WORK TO COMPLETE.
Before printing the listing, strip out its pictures and keep everything else exact.

RECORDED INFORMATION.
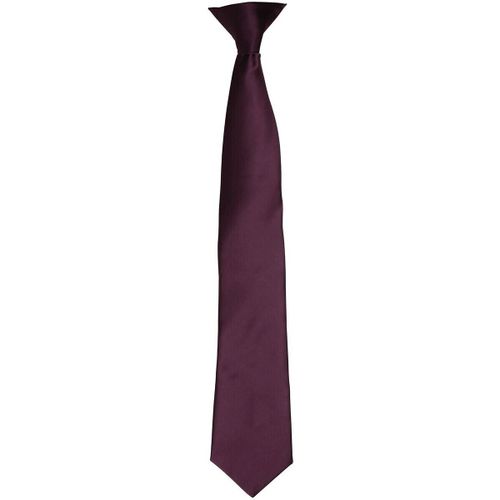 PR755 men's Scarf in - Premier - Modalova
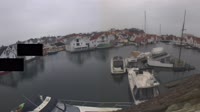 Skudeneshavn - Skudeneshavn Båtforening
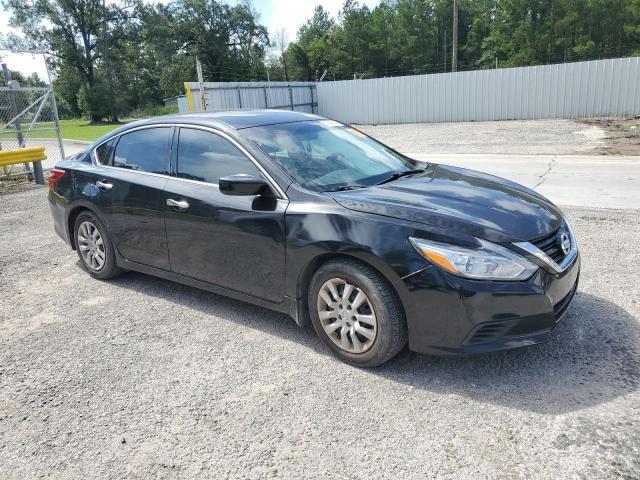 Photo 3 VIN: 1N4AL3AP6JC178462 - NISSAN ALTIMA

RESULT OF THE EXERCISE.
 PR755 men's Scarf in - Premier - Modalova
 Skudeneshavn - Skudeneshavn Båtforening
 Photo 3 VIN: 1N4AL3AP6JC178462 - NISSAN ALTIMA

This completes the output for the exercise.